# selling Vodafone shares  cgt loss calculation?



## chasie (30 Dec 2012)

Hi All
I plan to sell my current holding of 3,935 Vodafone shares which are the intact legasy of my origonal investment in Eircom  The current value is £ 1.55 share 
What purchase price per share should I factor in as I need to offset this loss against a gain in another   share which I am also selling 

Thanks in advance

Chasie


----------



## Joe_90 (30 Dec 2012)

Does this help?

http://www.charteredaccountants.ie/taxsource/1997/en/act/pub/0039/tb/sec0584-1-tb.html


----------



## Armada (30 Dec 2012)

chasie said:


> Hi All
> I plan to sell my current holding of 3,935 Vodafone shares which are the intact legasy of my origonal investment in Eircom The current value is £ 1.55 share
> What purchase price per share should I factor in as I need to offset this loss against a gain in another share which I am also selling
> 
> ...


 

As a matter of interest what was your original investment back in the day?


----------



## chasie (31 Dec 2012)

Hi Armada
my origonal investment was Irish punt 17,805.48

Hi Joe 90
Can I take €4.66 as the purchase point for my current  3935 Vodafone shares

Thanks all


----------



## monagt (31 Dec 2012)

Were Divs reinvested in Shares? Is the total number of shares = original purchase?


----------



## Joe_90 (31 Dec 2012)

As monagt says you need to establish what additional shares have been acquired since the original investment.  

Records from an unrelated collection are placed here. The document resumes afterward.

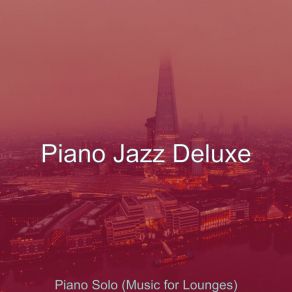 Download track Brilliant Solo Piano Jazz - Vibe For Bars Jazz Deluxe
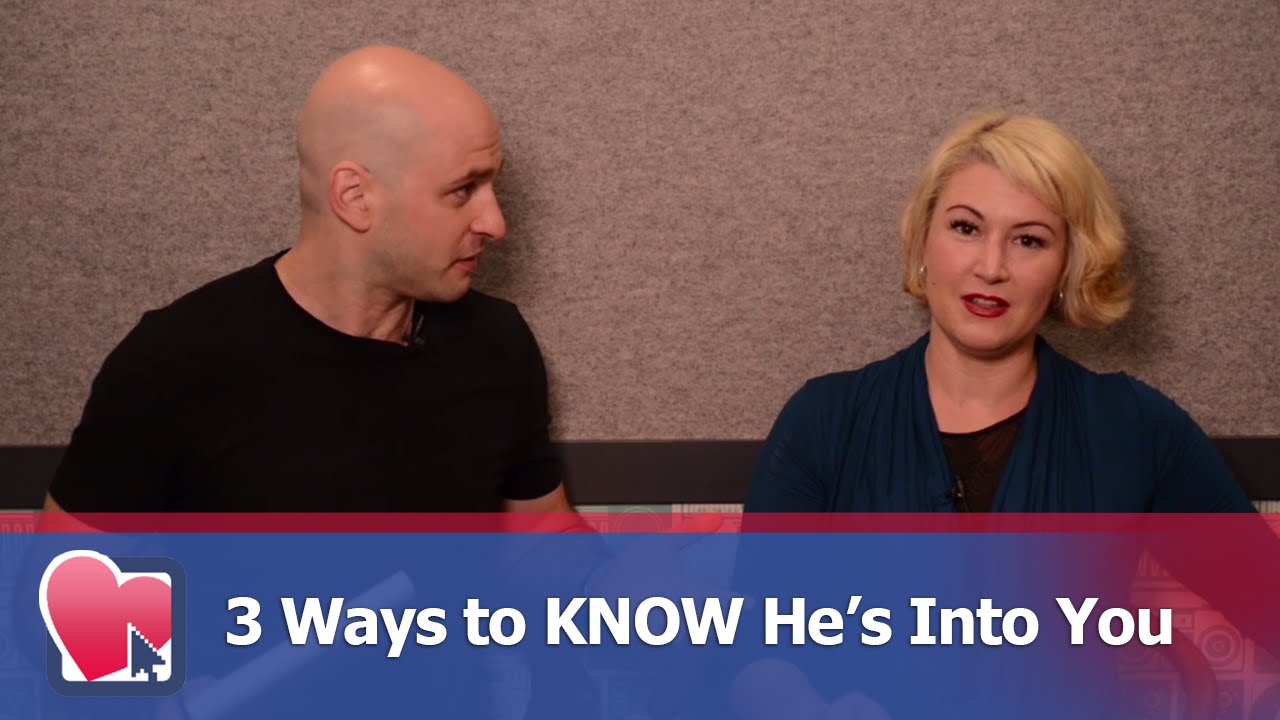 3 Ways to KNOW He's Into You - by Mike Fiore & Nora Blake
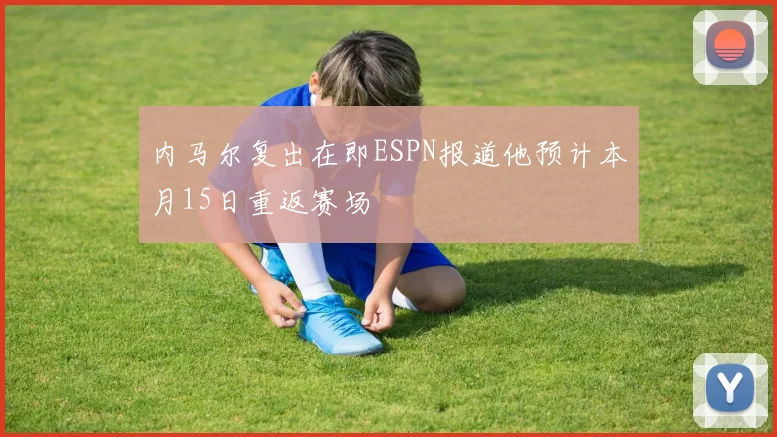 内马尔复出在即ESPN报道他预计本月15日重返赛场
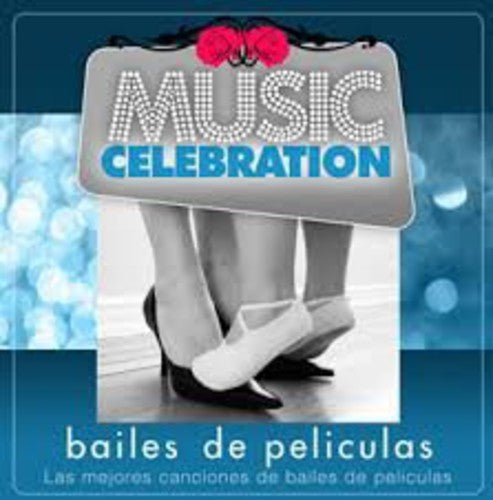 Music Celebration-bailes De Pelicula / Various - Music Celebration-bailes De Pelicula / Various - Music CD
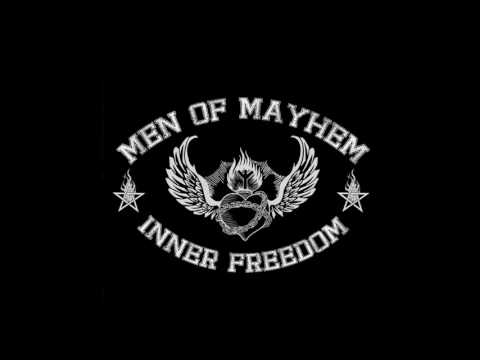 MEN OF MAYHEM -  INNER FREEDOM - FULL ALBUM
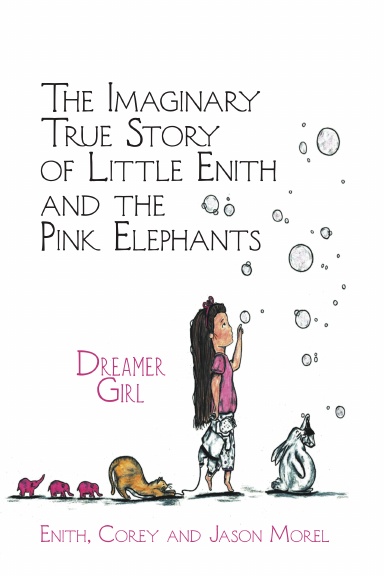 The Imaginary True Story of Little Enith and the Pink Elephants: Dreamer Girl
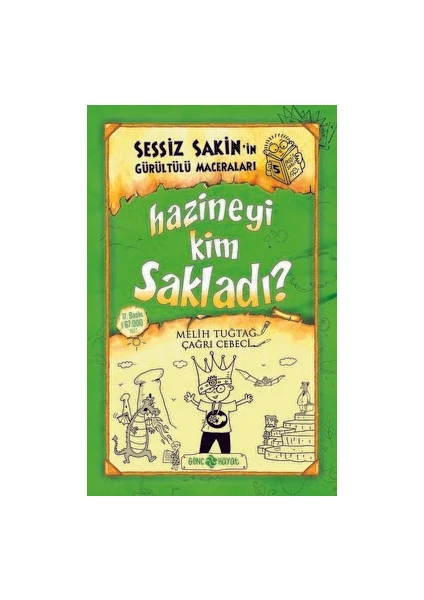 Hazineyi Kim Sakladı? - Sessiz Sakin’in Gürültülü Maceraları 5 - Karton Kapak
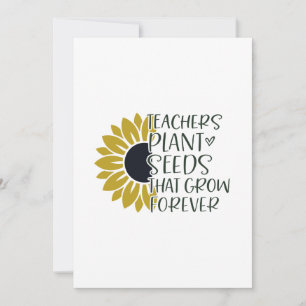 Teachers Plant Seeds That Grow Forever Quote  Holiday Card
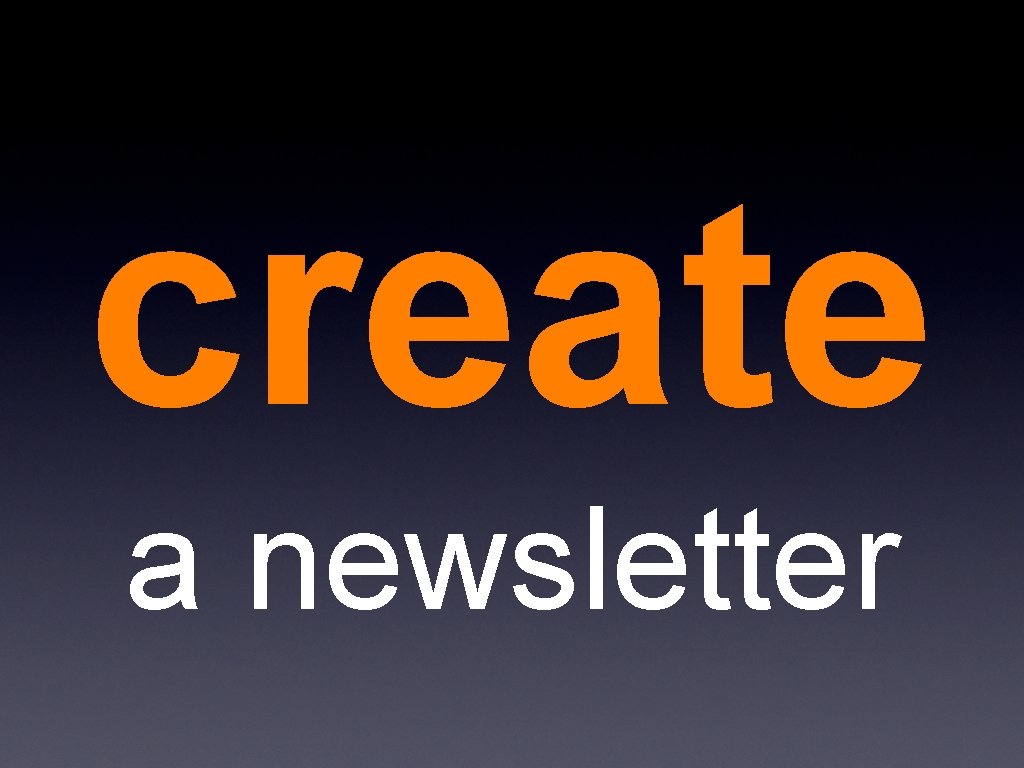 create a newsletter 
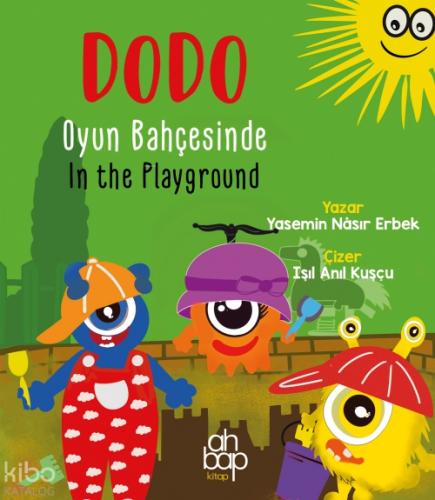 Dodo Oyun Bahçesinde  Frontansicht 1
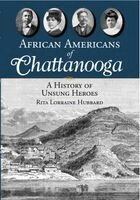 Rita Lorraine Hubbard - African Americans of Chattanooga: A History of Unsung Heroes, Häftad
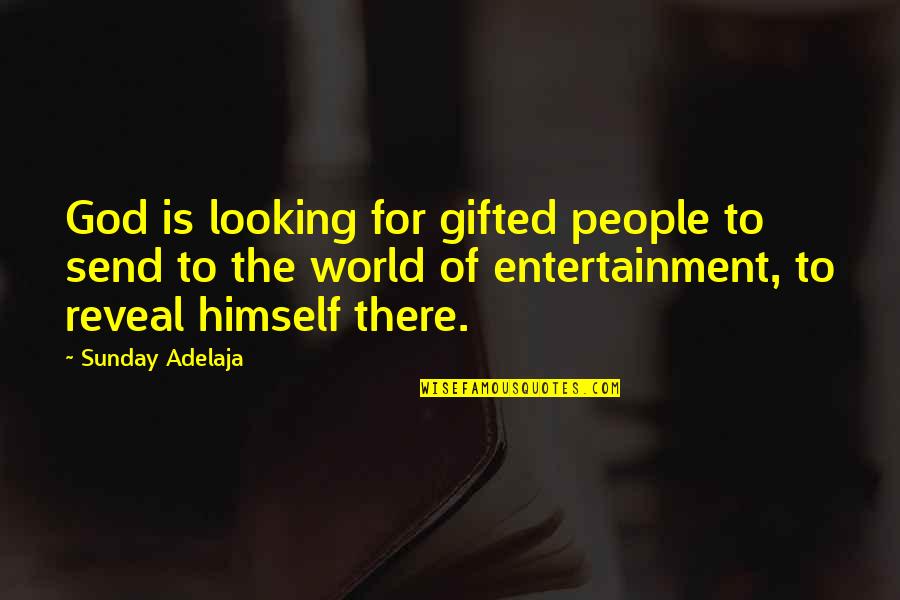 American Dervish Quotes By Sunday Adelaja: God is looking for gifted people to send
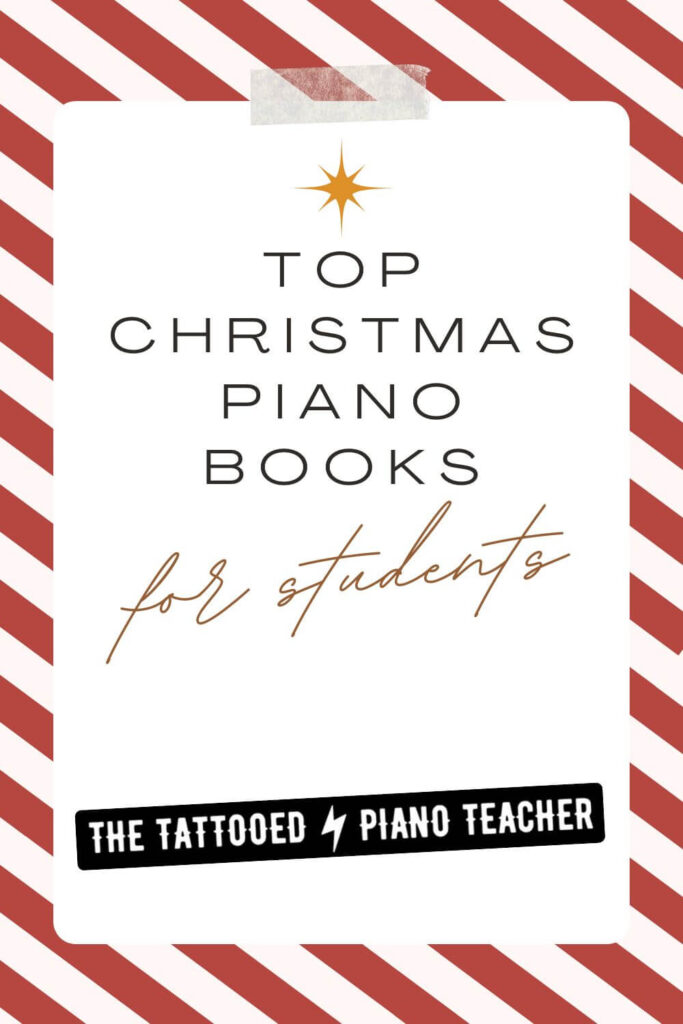 Best Christmas Piano Books for Beginners and Intermediate Students | The Tattooed Piano Teacher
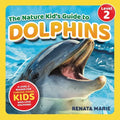 The Nature Kid's Guide to Dolphins: A Level 2 Reader for Curious Young Kids Who Love Dolphins!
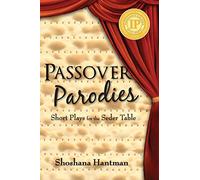 Passover Parodies: Short Plays for the Seder Table
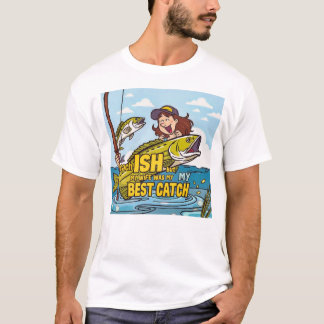 Best Catch Ever T-Shirt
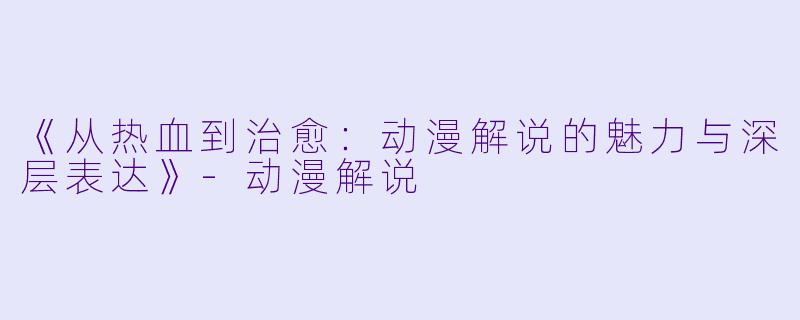 《从热血到治愈：动漫解说的魅力与深层表达》-动漫解说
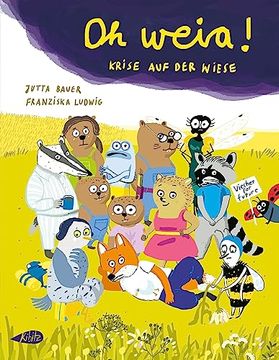 portada Oh Weia! Krise auf der Wiese (in German)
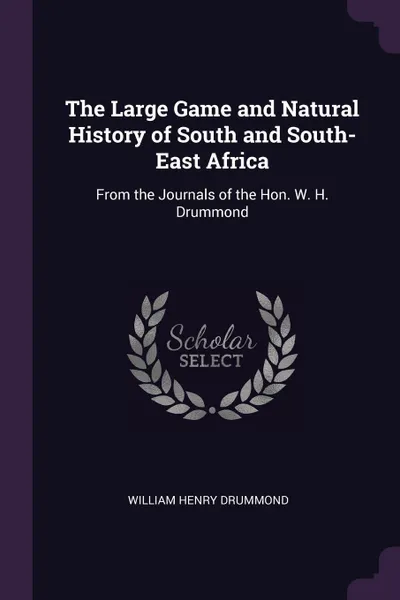 Обложка книги The Large Game and Natural History of South and South-East Africa. From the Journals of the Hon. W. H. Drummond, William Henry Drummond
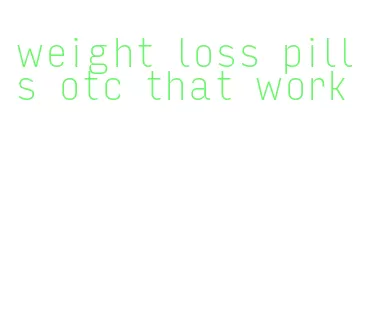 weight loss pills otc that work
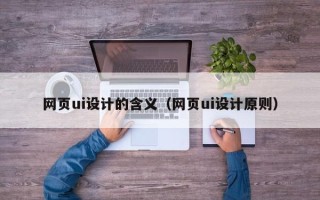齐齐哈尔网页ui设计的含义（网页ui设计原则）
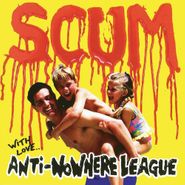 The Anti-Nowhere League, Scum (CD)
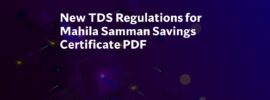 New TDS Regulations for Mahila Samman Savings Certificate PDF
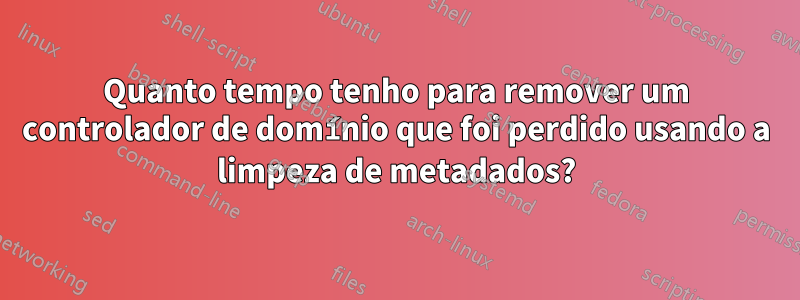 Quanto tempo tenho para remover um controlador de domínio que foi perdido usando a limpeza de metadados?
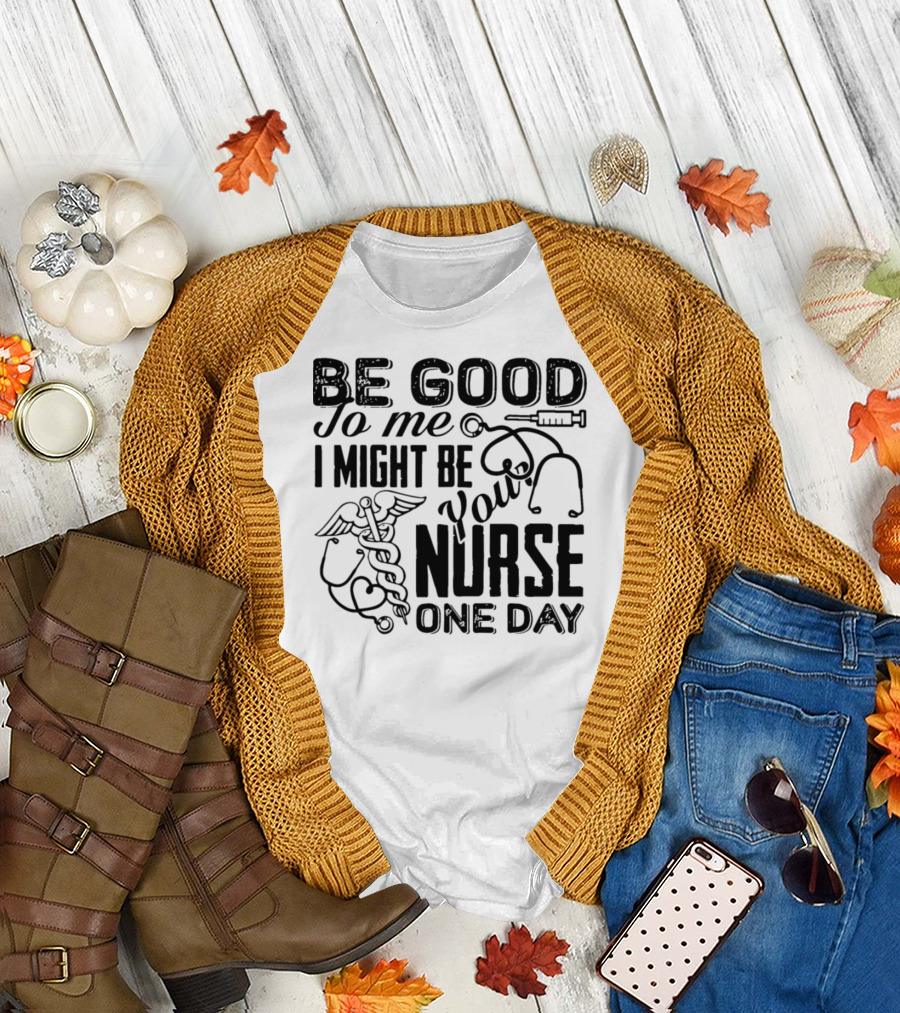 Be Good to Me I Might Be Your Nurse One Day T-Shirt
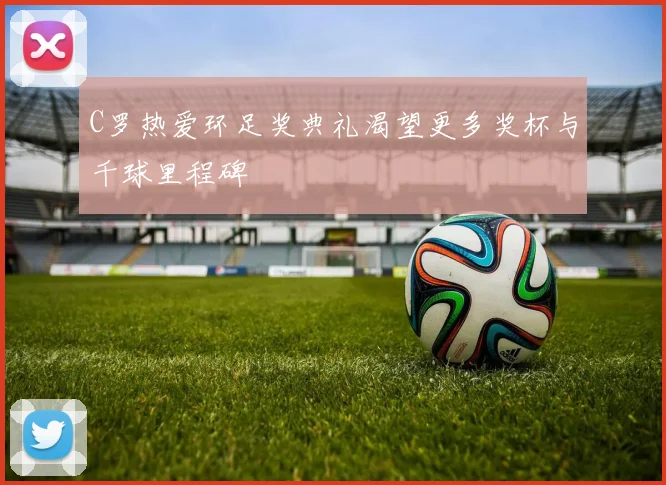 C罗热爱环足奖典礼渴望更多奖杯与千球里程碑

The cost of the original investment is IR£17,805 x 57% and if there were any further additions then the direct cost of those, bonus issues do not have a base cost.


----------



## chasie (31 Dec 2012)

Thanks All
The origonal Vodafone issue was 2855 shares in May 2001  All additional shares were dividend issue (DRP)


----------



## monagt (31 Dec 2012)

If you had extra shares allocated by bonus or by reinvesting dividends and paid tax on the dividends as one should annually then the only issue is the buy/sell price of the extra shares x current cgt.
and you can balance capital losses vs capital gains and pay tax open the difference id positive.


----------